TRY IT: Could you copy exactly the lines from the start of the records through the one containing "Chic Autumn Style: Cicy", both included, and leave out the pictures?

(Caption-style text data)
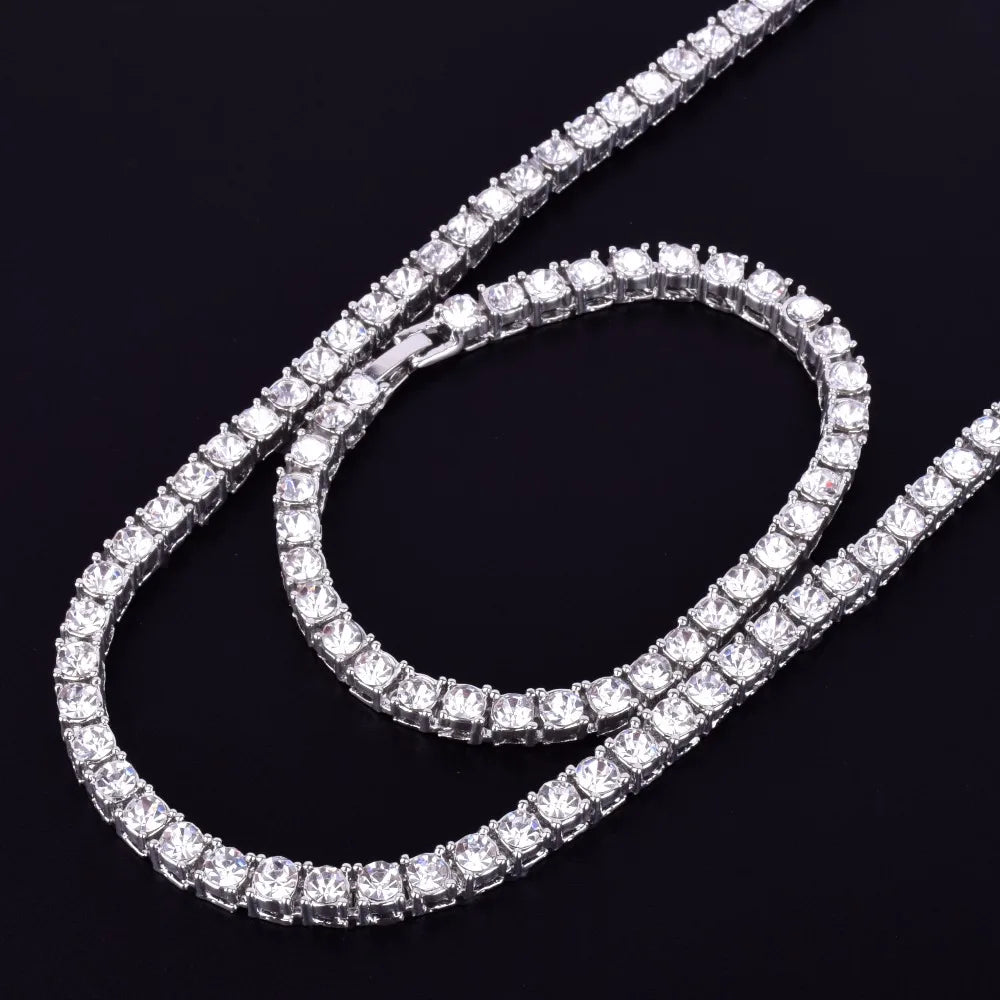 Necklace  1 Row 5mm Tennis Necklace And Bracelet Set Gold Plated
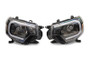 Raxiom 12-15 Toyota Tacoma Axial Series Headlights w/ LED Bar- Black Housing (Clear Lens)
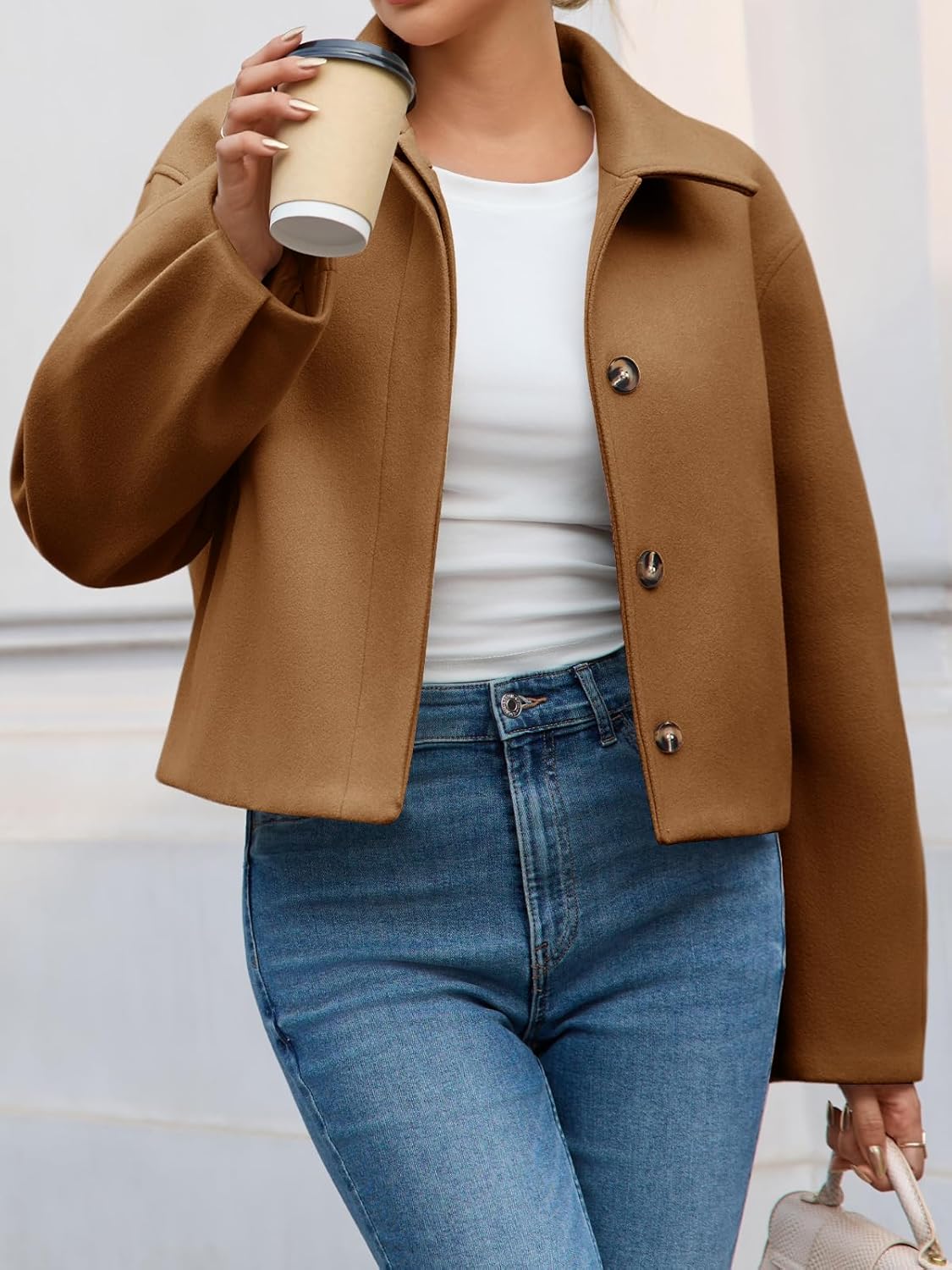 Chic Autumn Style: Cicy Bell Cropped Pea Coat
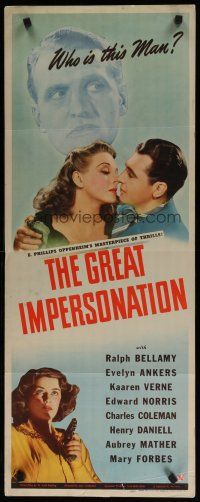 8b561 GREAT IMPERSONATION insert '42 spy Ralph Bellamy, who is this man?, Evelyn Ankers!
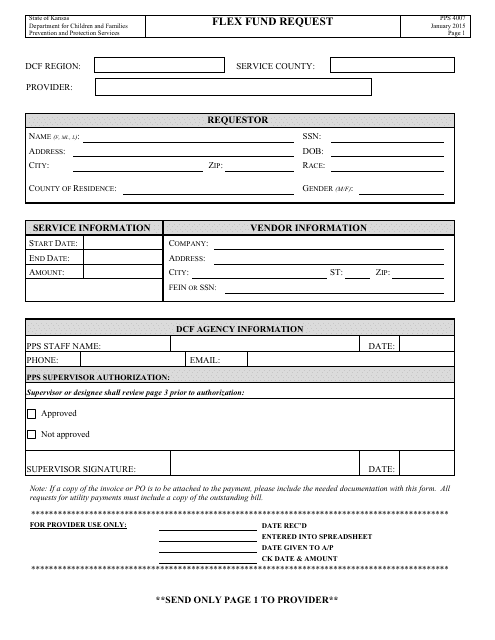 Form PPS4007 Flex Fund Request - Kansas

SOLUTION BELOW:
 Necklace  1 Row 5mm Tennis Necklace And Bracelet Set Gold Plated
 Raxiom 12-15 Toyota Tacoma Axial Series Headlights w/ LED Bar- Black Housing (Clear Lens)
 Chic Autumn Style: Cicy Bell Cropped Pea Coat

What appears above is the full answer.